(Beginning of DATA EXTRACT)
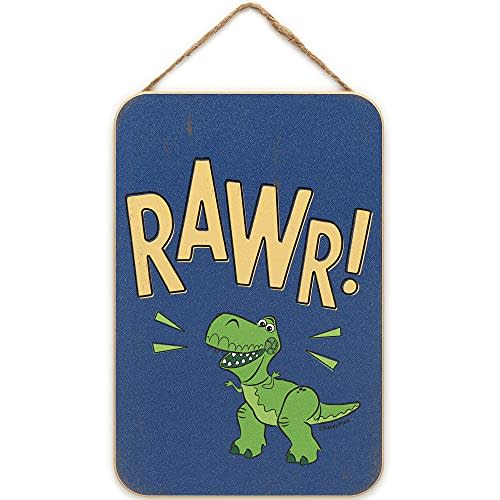 Disney Pixar Toy Story Rex Hanging Wood Wall Decor - Cute Toy Story Sign for Kids' Bedroom, Play Room or Movie Room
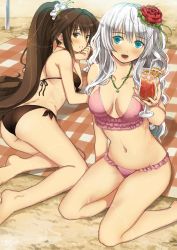 Rule 34 | 2girls, absurdres, ass, bad id, bad pixiv id, beach, bikini, black bikini, blush, breasts, brown hair, cleavage, collarbone, cup, drinking straw, flower, garimpeiro, hair behind ear, hair flower, hair ornament, highres, holding, holding cup, medium breasts, midriff, multiple girls, navel, open mouth, original, pink bikini, red flower, red rose, rose, sand, sitting, smile, swimsuit, white background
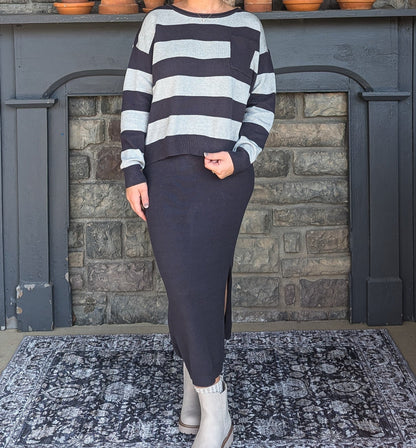 Suzanne Stripe Sweater Top in Charcoal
(End of DATA EXTRACT)
WHAT YOU SHOULD DO
What is needed here is an exact repetition of the listing above, pictures excluded.

EXPECTED OUTPUT
 Disney Pixar Toy Story Rex Hanging Wood Wall Decor - Cute Toy Story Sign for Kids' Bedroom, Play Room or Movie Room
 Rule 34 | 2girls, absurdres, ass, bad id, bad pixiv id, beach, bikini, black bikini, blush, breasts, brown hair, cleavage, collarbone, cup, drinking straw, flower, garimpeiro, hair behind ear, hair flower, hair ornament, highres, holding, holding cup, medium breasts, midriff, multiple girls, navel, open mouth, original, pink bikini, red flower, red rose, rose, sand, sitting, smile, swimsuit, white background
 Suzanne Stripe Sweater Top in Charcoal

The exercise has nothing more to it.